Big Bang

The term is also used in a narrower sense to describe the fundamental "fireball" that erupted at or close to an initial timepoint in the history of our observed spacetime.

Theoretical support for the Big Bang comes from mathematical models.

These models show that a Big Bang is consistent with general relativity and with the cosmological principle, which states that the properties of the universe should be independent of position or orientation.

Observational evidence for the Big Bang includes the analysis of the spectrum of light from galaxies, which reveal a shift towards longer wavelengths proportional to each galaxy's distance in a relationship described by Hubble's law.
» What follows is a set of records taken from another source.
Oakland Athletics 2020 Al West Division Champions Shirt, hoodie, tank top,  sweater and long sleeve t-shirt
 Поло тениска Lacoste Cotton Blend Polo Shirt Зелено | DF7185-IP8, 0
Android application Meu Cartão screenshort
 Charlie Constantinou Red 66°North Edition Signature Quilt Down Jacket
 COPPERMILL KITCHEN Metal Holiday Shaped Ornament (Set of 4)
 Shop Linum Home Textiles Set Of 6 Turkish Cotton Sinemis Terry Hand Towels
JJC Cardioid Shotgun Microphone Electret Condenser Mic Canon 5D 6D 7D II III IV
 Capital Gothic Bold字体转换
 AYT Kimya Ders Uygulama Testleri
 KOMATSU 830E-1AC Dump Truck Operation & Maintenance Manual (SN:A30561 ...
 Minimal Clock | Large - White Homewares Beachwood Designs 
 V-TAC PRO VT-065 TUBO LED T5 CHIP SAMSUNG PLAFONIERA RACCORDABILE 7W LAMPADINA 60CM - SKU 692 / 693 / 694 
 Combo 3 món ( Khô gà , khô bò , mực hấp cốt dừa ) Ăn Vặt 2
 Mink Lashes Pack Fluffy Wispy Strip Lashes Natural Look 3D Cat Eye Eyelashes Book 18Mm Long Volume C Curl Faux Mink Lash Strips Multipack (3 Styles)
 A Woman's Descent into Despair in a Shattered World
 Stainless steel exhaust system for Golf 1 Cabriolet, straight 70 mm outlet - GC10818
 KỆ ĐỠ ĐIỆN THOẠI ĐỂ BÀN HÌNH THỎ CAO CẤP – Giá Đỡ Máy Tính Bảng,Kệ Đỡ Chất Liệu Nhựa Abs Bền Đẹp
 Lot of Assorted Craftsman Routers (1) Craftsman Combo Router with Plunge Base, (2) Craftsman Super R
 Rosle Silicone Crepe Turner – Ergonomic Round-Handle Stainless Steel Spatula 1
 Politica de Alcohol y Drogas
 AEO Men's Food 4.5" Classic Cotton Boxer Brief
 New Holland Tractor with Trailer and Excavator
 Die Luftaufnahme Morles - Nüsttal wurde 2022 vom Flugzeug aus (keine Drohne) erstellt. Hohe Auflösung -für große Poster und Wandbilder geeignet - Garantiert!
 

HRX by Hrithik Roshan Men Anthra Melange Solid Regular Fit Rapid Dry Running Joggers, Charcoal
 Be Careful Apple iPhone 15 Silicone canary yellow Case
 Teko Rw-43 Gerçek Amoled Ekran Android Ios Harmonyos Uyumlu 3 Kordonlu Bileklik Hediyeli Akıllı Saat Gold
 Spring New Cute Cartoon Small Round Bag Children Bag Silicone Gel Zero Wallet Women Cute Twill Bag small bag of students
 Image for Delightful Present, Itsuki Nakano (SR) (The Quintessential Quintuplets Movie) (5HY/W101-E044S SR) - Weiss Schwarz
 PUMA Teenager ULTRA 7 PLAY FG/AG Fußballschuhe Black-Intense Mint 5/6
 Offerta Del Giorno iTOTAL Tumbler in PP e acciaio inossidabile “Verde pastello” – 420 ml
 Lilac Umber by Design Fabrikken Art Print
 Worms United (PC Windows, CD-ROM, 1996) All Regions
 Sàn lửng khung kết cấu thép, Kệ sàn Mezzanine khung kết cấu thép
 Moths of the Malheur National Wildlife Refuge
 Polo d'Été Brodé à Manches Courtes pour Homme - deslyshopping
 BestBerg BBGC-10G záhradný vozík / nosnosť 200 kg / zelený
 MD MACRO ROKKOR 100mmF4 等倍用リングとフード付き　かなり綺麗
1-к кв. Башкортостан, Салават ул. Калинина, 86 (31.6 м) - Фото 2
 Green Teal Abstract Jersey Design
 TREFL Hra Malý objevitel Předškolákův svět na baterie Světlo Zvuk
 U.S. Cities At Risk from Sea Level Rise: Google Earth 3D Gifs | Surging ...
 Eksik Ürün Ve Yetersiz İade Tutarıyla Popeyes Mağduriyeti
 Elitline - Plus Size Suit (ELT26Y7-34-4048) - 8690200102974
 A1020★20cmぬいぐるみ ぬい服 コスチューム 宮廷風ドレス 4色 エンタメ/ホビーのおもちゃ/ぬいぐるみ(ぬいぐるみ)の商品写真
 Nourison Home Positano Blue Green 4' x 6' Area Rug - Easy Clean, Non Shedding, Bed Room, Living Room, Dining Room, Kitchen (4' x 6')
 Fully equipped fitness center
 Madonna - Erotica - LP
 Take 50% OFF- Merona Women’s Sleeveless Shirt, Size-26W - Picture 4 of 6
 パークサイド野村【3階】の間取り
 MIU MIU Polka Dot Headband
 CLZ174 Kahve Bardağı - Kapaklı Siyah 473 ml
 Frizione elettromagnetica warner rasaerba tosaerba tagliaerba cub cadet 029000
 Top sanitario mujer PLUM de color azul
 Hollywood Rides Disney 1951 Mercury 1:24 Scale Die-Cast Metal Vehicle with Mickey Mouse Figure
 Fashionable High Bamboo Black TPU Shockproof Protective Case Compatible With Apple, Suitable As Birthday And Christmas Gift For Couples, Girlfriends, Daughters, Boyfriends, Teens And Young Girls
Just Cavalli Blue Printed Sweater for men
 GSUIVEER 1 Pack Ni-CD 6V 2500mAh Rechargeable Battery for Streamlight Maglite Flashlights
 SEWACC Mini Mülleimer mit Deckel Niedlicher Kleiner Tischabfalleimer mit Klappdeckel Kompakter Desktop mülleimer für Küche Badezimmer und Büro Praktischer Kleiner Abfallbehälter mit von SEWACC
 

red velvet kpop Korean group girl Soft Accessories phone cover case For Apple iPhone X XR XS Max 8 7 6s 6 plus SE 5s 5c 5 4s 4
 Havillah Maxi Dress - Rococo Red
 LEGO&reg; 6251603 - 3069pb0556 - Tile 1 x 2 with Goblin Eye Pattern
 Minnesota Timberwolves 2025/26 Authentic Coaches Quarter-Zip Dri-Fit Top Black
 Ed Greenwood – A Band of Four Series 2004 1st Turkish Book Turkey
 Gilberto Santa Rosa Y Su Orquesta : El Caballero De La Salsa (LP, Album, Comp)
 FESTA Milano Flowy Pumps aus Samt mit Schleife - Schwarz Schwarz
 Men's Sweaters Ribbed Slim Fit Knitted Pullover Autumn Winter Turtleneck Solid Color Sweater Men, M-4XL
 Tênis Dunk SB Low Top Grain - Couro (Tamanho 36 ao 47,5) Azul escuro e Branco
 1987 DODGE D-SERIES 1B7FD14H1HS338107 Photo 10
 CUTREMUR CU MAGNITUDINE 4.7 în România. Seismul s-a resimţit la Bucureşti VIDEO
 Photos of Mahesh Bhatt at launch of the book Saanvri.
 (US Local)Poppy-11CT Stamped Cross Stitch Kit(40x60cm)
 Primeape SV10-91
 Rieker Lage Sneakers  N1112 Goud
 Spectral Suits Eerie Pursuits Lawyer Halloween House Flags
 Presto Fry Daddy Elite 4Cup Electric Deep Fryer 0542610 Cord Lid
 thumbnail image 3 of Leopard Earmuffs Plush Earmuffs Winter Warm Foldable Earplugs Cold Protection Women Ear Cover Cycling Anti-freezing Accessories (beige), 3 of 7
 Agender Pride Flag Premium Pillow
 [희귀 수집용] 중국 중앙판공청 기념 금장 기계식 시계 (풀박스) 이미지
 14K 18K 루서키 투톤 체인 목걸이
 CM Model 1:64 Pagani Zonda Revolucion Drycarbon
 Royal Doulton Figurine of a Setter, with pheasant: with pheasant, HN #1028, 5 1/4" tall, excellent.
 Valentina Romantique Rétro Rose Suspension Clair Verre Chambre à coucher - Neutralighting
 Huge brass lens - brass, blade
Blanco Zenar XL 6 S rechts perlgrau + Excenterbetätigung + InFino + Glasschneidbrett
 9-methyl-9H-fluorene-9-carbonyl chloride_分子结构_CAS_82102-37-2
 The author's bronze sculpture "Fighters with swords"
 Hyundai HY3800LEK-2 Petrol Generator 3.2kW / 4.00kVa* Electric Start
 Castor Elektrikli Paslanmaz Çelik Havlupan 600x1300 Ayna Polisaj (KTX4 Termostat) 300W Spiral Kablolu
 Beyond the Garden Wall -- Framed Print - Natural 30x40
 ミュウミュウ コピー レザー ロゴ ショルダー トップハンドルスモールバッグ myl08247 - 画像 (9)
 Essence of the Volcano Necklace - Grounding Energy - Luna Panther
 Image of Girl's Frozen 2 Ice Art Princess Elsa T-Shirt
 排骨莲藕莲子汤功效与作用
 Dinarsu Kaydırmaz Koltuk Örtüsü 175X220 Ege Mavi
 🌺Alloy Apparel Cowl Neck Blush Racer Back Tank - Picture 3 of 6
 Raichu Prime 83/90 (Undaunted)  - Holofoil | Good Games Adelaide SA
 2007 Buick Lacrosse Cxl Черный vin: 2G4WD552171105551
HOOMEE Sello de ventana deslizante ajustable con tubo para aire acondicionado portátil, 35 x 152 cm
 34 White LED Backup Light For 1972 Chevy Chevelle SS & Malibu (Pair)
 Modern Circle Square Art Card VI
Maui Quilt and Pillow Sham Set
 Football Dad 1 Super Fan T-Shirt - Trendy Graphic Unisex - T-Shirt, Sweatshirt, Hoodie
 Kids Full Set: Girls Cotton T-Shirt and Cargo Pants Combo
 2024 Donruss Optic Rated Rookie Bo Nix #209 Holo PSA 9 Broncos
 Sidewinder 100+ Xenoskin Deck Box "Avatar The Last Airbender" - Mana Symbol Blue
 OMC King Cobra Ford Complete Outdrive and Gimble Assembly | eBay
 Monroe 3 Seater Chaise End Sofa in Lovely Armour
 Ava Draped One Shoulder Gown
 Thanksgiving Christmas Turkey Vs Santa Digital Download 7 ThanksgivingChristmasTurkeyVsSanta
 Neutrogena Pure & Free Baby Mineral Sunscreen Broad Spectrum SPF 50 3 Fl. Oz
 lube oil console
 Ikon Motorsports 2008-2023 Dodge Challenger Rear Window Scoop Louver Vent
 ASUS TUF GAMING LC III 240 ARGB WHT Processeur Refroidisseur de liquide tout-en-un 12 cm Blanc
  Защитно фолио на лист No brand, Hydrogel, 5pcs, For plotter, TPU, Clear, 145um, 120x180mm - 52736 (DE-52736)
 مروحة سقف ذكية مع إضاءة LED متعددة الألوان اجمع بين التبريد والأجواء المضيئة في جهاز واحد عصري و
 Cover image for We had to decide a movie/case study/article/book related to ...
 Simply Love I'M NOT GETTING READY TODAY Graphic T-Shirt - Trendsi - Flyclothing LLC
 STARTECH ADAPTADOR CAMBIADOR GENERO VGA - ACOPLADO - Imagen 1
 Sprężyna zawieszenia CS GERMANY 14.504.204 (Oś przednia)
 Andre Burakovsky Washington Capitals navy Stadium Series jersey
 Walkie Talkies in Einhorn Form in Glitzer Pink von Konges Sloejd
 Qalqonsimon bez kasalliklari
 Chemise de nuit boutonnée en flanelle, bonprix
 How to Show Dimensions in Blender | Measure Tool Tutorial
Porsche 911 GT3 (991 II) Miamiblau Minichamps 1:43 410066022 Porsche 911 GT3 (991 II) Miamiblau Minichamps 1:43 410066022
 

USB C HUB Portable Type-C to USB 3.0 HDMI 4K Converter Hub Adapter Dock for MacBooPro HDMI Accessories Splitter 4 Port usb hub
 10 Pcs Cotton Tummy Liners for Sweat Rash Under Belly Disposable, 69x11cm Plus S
Combined with the assumption that observers located anywhere in the universe would make similar observations (the Copernican principle), this suggests that space itself is expanding.

The next most important observational evidence was the discovery of cosmic microwave background radiation in 1964.

This had been predicted as a relic from when hot ionized plasma of the early universe first cooled sufficiently to form neutral hydrogen and allow space to become transparent to light, and its discovery led to general acceptance among physicists that the Big Bang is the best model for the origin and evolution of the universe.

A third important line of evidence is the relative proportion of light elements in the universe, which is a close match to predictions for the formation of light elements in the first minutes of the universe, according to Big Bang nucleosynthesis.

Extrapolation of the expansion of the universe backwards in time using general relativity yields an infinite density and temperature at a finite time in the past.

This singularity signals the breakdown of general relativity.

How closely we can extrapolate towards the singularity is debated—certainly not earlier than the Planck epoch.

The early hot, dense phase is itself referred to as "the Big Bang", and is considered the "birth" of our universe.

Based on measurements of the expansion using Type Ia supernovae, measurements of temperature fluctuations in the cosmic microwave background, and measurements of the correlation function of galaxies, the universe has a calculated age of 13.7 ± 0.2 billion years.

The earliest phases of the Big Bang are subject to much speculation.

In the most common models, the universe was filled homogeneously and isotropically with an incredibly high energy density, huge temperatures and pressures, and was very rapidly expanding and cooling.

Approximately 10−35 seconds into the expansion, a phase transition caused a cosmic inflation, during which the universe grew exponentially.

After inflation stopped, the universe consisted of a quark-gluon plasma, as well as all other elementary particles.

Temperatures were so high that the random motions of particles were at relativistic speeds, and particle-antiparticle pairs of all kinds were being continuously created and destroyed in collisions.

At some point an unknown reaction called baryogenesis violated the conservation of baryon number, leading to a very small excess of quarks and leptons over antiquarks and anti-leptons — of the order of 1 part in 30 million.

This resulted in the predominance of matter over antimatter in the present universe.